Using the listing below, copy exactly the lines from the one containing "Photo of a brick" to the one containing "18K Gold Necklace", both lines included, and no others.
***** EXTRACTED MATERIAL *****
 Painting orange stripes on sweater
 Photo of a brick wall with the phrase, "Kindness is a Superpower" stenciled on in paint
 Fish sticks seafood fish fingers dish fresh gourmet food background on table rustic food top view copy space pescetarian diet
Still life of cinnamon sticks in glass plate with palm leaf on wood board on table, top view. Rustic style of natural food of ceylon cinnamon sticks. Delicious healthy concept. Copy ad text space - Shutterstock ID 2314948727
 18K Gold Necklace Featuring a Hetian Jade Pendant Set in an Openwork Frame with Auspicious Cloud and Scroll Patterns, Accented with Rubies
*****
***** EXTRACTED MATERIAL *****
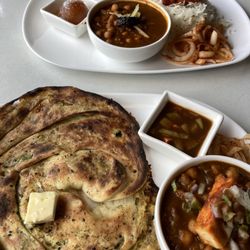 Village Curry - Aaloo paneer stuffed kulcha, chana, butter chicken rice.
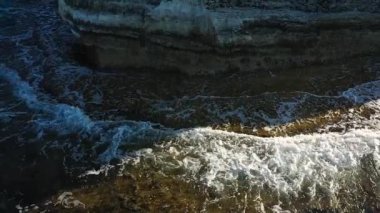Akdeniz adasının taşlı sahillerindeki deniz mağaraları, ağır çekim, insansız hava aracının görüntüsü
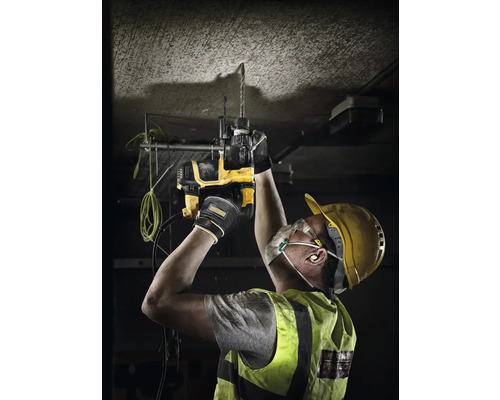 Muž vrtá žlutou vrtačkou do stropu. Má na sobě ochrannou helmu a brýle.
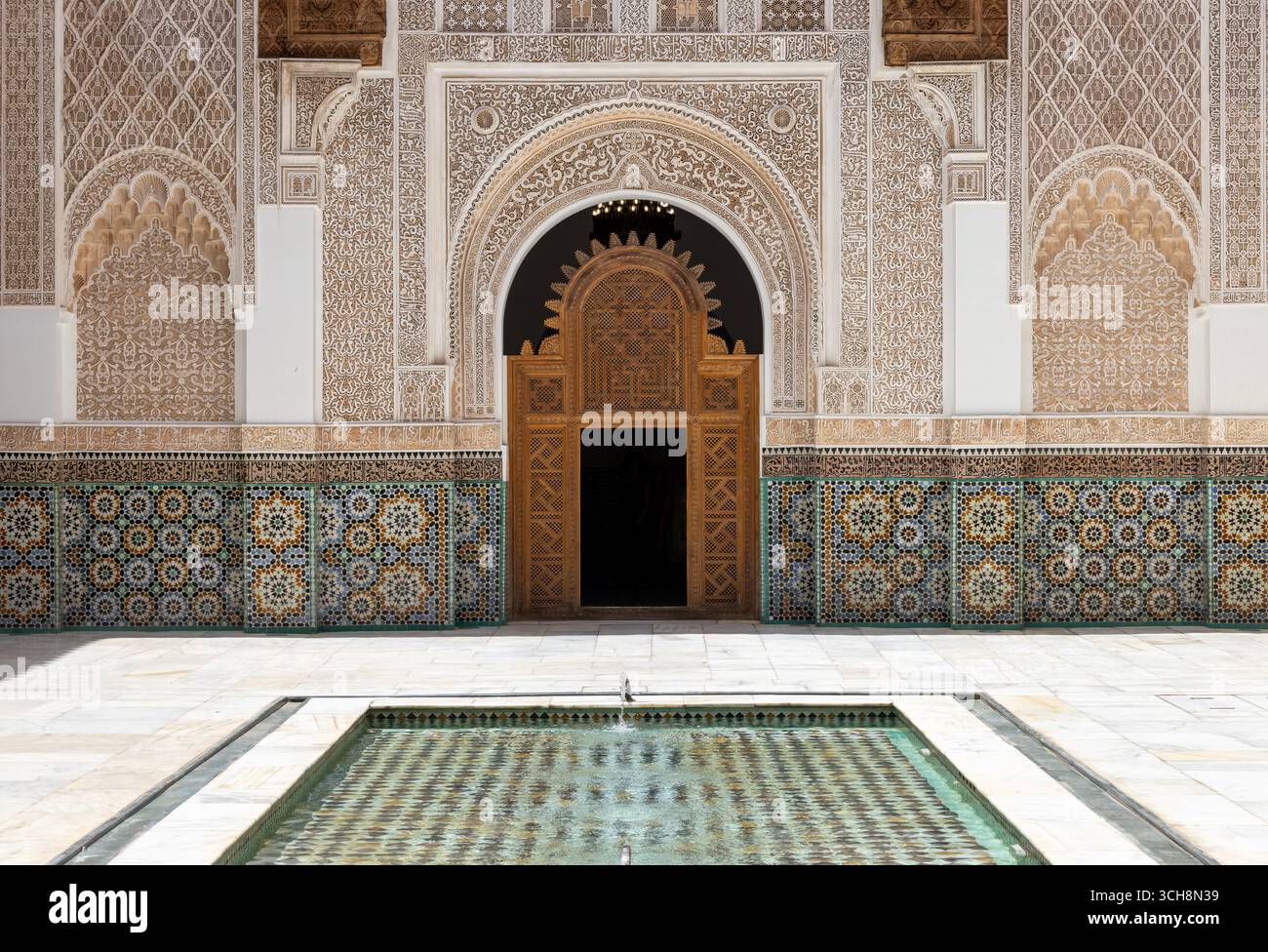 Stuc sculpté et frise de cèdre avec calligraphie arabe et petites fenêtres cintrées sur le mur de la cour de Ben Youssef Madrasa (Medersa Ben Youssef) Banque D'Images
*****
***** EXTRACTED MATERIAL *****
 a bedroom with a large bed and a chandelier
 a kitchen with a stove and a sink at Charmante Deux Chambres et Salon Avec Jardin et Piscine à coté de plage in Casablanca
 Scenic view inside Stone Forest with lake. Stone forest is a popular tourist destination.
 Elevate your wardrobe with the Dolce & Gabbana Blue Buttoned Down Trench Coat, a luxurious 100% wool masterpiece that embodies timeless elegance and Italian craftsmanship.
*****
ANSWER BOX:
 Photo of a brick wall with the phrase, "Kindness is a Superpower" stenciled on in paint
 Fish sticks seafood fish fingers dish fresh gourmet food background on table rustic food top view copy space pescetarian diet
Still life of cinnamon sticks in glass plate with palm leaf on wood board on table, top view. Rustic style of natural food of ceylon cinnamon sticks. Delicious healthy concept. Copy ad text space - Shutterstock ID 2314948727
 18K Gold Necklace Featuring a Hetian Jade Pendant Set in an Openwork Frame with Auspicious Cloud and Scroll Patterns, Accented with Rubies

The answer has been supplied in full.